Omg I totally missed this thread. Congratulations, GentleGiants. He's Gorgeous!!
I can't wait to bring our little girl home. Still a few weeks to go yet though!

Oh and Congrats Sayuri! 9 Months seemed far away for me too, but it sure does go by quick. Enjoy it!!

Crystal


----------



## Pipp (Mar 5, 2008)

*aurora369 wrote: *


> And Jordiwes, were are our pictures?? You promised us pictures!!! I want to see how big that baby belly is, then we can all guess how big the babies going to be...


:yeahthat:


----------



## Wabbitdad12 (Mar 5, 2008)

Congratulations! What a handsome little guy!


----------



## gentle giants (Mar 5, 2008)

*Sayuri wrote: *


> Oh I can add this now - I'm due October 1st, which currently feels like it is a lifetime away


Oh, it'll go quick! All except for the last couple of weeks, when you feel like a dang cow waddling around..... Not that I'm glad to be un-pregnant anymore or anything! LOL


----------



## jordiwes (Mar 10, 2008)

Okay, here's me about a week ago. Sorry about the half pj/ half dressed look.


----------



## Pipp (Mar 10, 2008)

You look great!! Pretty as all get out! 

And you don't look at all clumsy or awkward, just a little matter of swallowing a basketball, no harm, no foul.  

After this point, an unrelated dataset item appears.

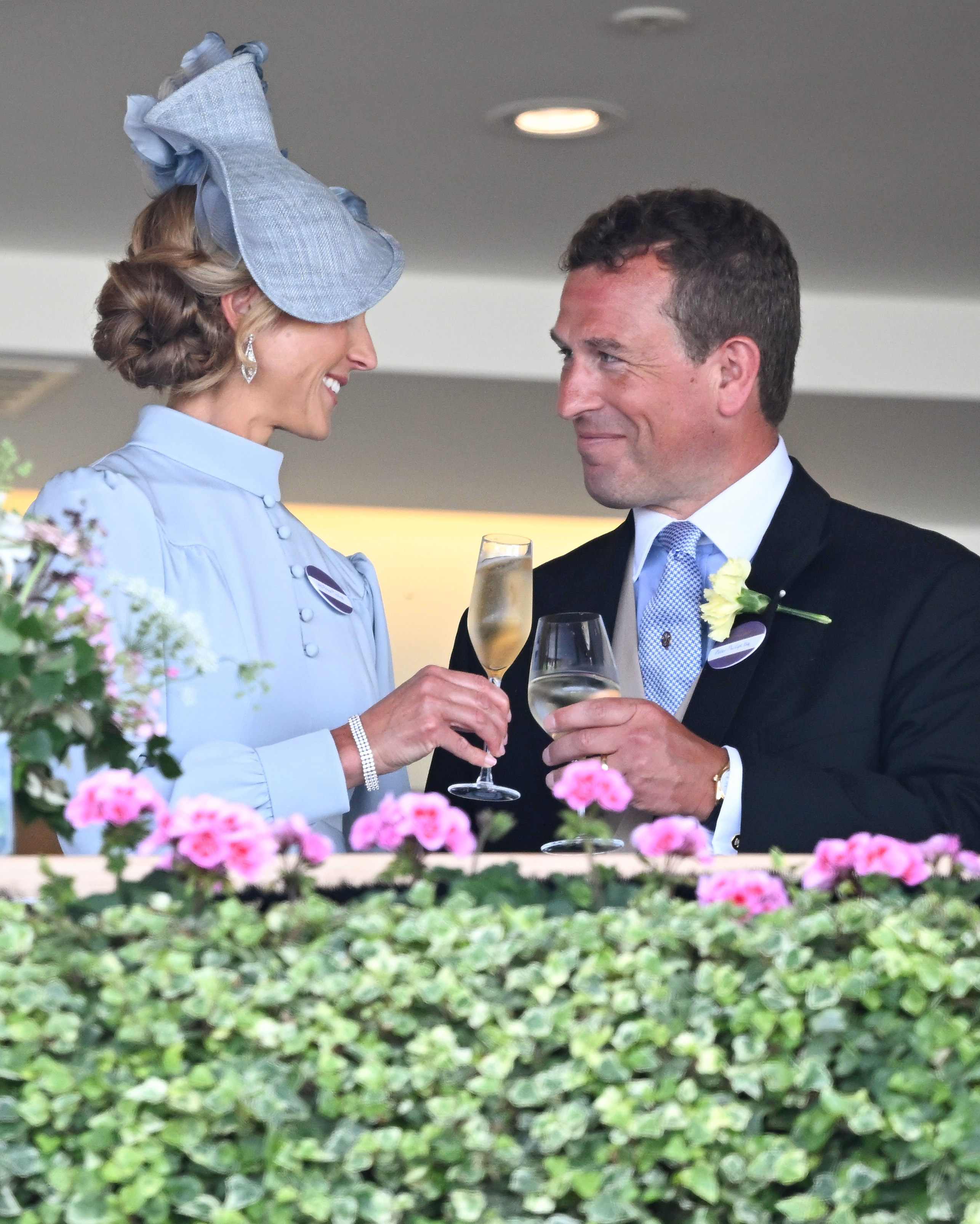 ASCOT, ENGLAND - JUNE 16: Harriet Phillips and Peter Phillips smile and drink champagne as they attend day one of Royal Ascot 2026 at Ascot Racecourse on June 16, 2026 in Ascot, England. (Photo by Samir Hussein/WireImage)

How are you feeling? ink iris:



sas :nod


----------



## Bo B Bunny (Mar 10, 2008)

You look wonderful!!! I never looked that good when I was preggers!


----------



## okiron (Mar 10, 2008)

Congratulations everyone 

Timothy is gorgeous GentleGiants


----------



## Crystalballl (Mar 10, 2008)

You look great Jordiwes. You got the same thing going as me, just a belly. I'll have to post a picture here later. 

Crystal


----------



## Luvmyzoocrew (Mar 10, 2008)

Wow Jordiiwes you are all baby nothing more, you look great, and i cant believe you only have a few more weeks you look great.

Sayuri congrats to you too. Oct does seem lightyears away but it will fly. And like Gentle giants said the last two months are the hardest. 

The last two months feel like the are each 6 months long,lol. When I was pregnant with my last child the doc keep saying see you in two weeks and we will see how you are , but two weeks seemed like a lifetime. But of course it is all worth it.


----------



## lalena2148 (Mar 10, 2008)

CONGRATS to EVERYONE!

Wow, this is so exciting. Keep your fingers crossed that Imay be joining the expecting club...I'm 10 days late! :goodluck

However all the HPTs I've taken have been negative...wondering if from having endo and now Polycystic Ovary Syndrome if that can screw up a HPT. Hmm....

If I get to 14 days late, I'm gonna call my doc for a blood test.

Good luck to everyone!


----------



## gentle giants (Mar 10, 2008)

*jordiwes wrote: *


> Okay, here's me about a week ago. Sorry about the half pj/ half dressed look.


Oh, man, now I'm jealous, LOL. When I am pregnant, ALL of me grows! I think my butt got as big as my belly! You look great, except for your belly you are still skinny. Congrats! :biggrin2:


----------



## aurora369 (Mar 10, 2008)

Awww, what a cute little baby belly!! 

I don't think she's going to be that big. I remember my dance teacher was much bigger a month before her due date, but she had really big 10 pound babies... 

How are you feeling? Is she moving around lots? I bet you can't wait to hold her in your arms.

--Dawn


----------



## Luvmyzoocrew (Mar 10, 2008)

*lalena2148 wrote: *


> CONGRATS to EVERYONE!
> 
> Wow, this is so exciting. Keep your fingers crossed that Imay be joining the expecting club...I'm 10 days late! :goodluck
> 
> ...


have you taken Clomid or anything else? I am on my second cycle of Clomid and will test in four days and hopefully it will be +


----------



## Sayuri (Mar 10, 2008)

*gentle giants wrote: *


> *jordiwes wrote: *
> 
> 
> > Okay, here's me about a week ago. Sorry about the half pj/ half dressed look.
> ...




Oh I SO know Im going to be in the same boat as I dont know one bit of me that doesnt feel puffy already. If my boobs get any bigger they are going to need their own postcode! 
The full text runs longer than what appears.